We all were fond of homemade bread, real butter, jam and jelly sandwiches and shared them with the calf—which acquired quite a liking for them. We called it the rather silly name “Bullie.”
All was fine when the calf was small, but when it grew larger, and “sprouted” horns, and came at us—determined to get our sandwiches—and chased us until we handed them over– it wasn’t so “cute.”
Harry got the– he thought—brilliant idea of “curing” the yearling of it’s fondness for sandwiches. So, he got some long—very hot—peppers from the garden and “fixed” a samwich for Bullie. And when he “demanded” our samwiches, Harry handed him the hot-pepper one.
Bullie started chewing it—stopped, and lowered his head, opening his mouth and shaking the samwich out. He just stood there a few seconds with his head lowered, then bellowed and charged me—there was only Ralph, Harry and I in the yard—knocking me down.
I still have quarter-size scars on my thighs from his horns.
Jack lunged at Bullie and got him by the nose, and Ralph pulled me away.

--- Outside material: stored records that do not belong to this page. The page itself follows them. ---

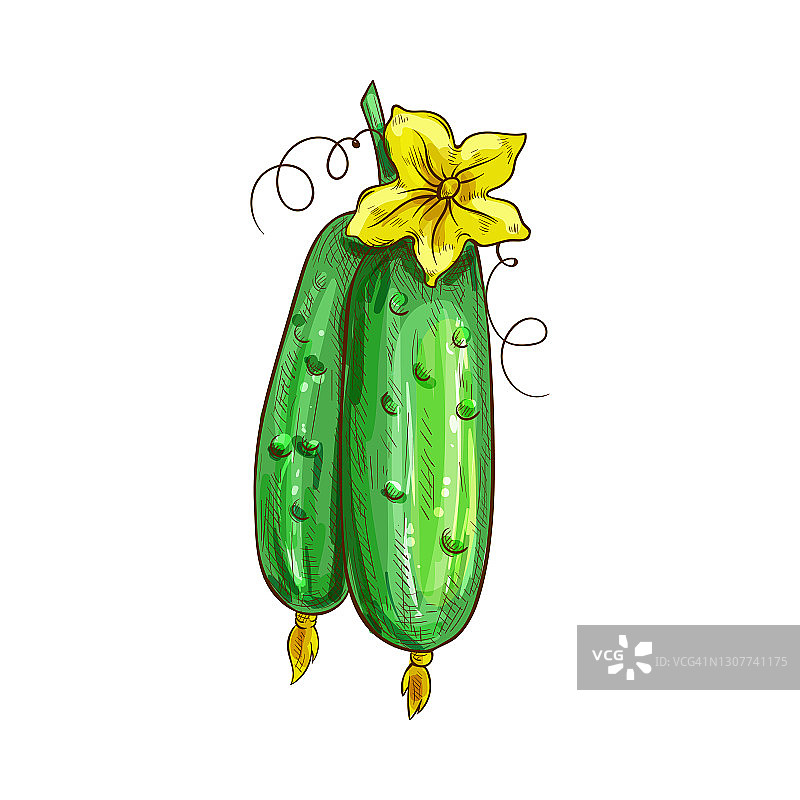 绿色黄瓜与花朵分离小品图片素材
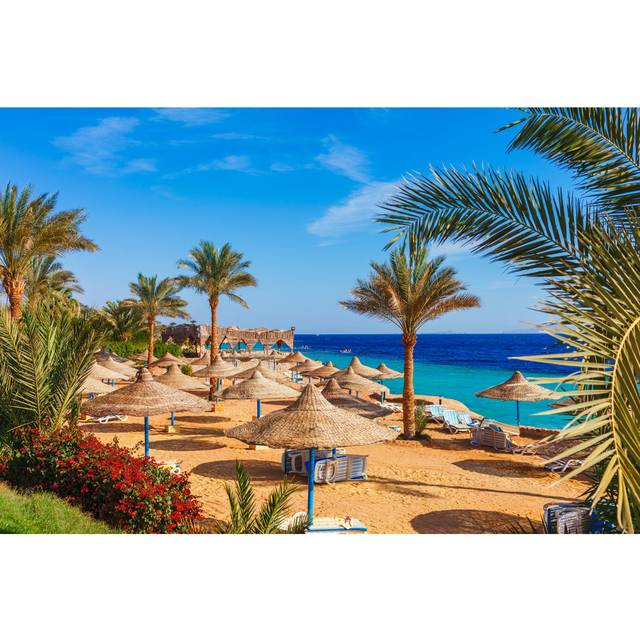 Sunny Resort Beach with Palm Tree - Wrapped Canvas Photograph (51cm H x 76cm W)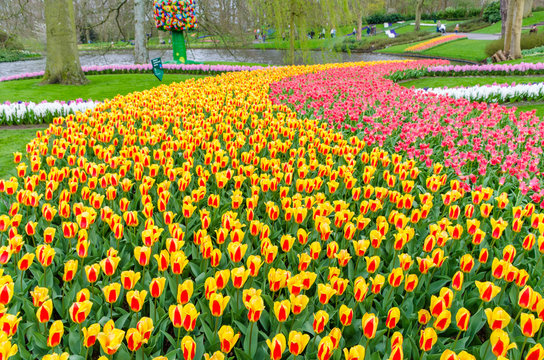 Keukenhof garden, Netherlands -April 05: Colorful flowers and blossom in dutch spring garden Keukenhof which is the world's largest flower garden. Keukenhof Garden, Lisse, Netherlands - April 05, 2017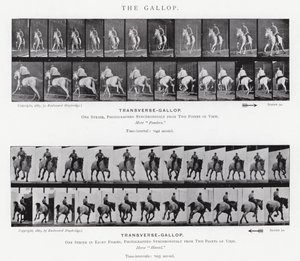Eadweard Muybridge: Dörtnala (s/b fotoğraf) by Eadweard Muybridge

Fortunately, Dad was warking in the bee apiary, adjoining the yard, and seeing what happened, came and had to choke Jack loose by twisting his collar. He had bought the bull dogs for watch dogs, and for protection of us kids, and said, up until then he didn’t know how well Jack would protect us.
After this, Bullie had to be kept in a pen, as Dad said he could never trust him again. He later sold him as he seemed to be developing into as mean a bull as the Reid bull, and was too dangerous to keep around.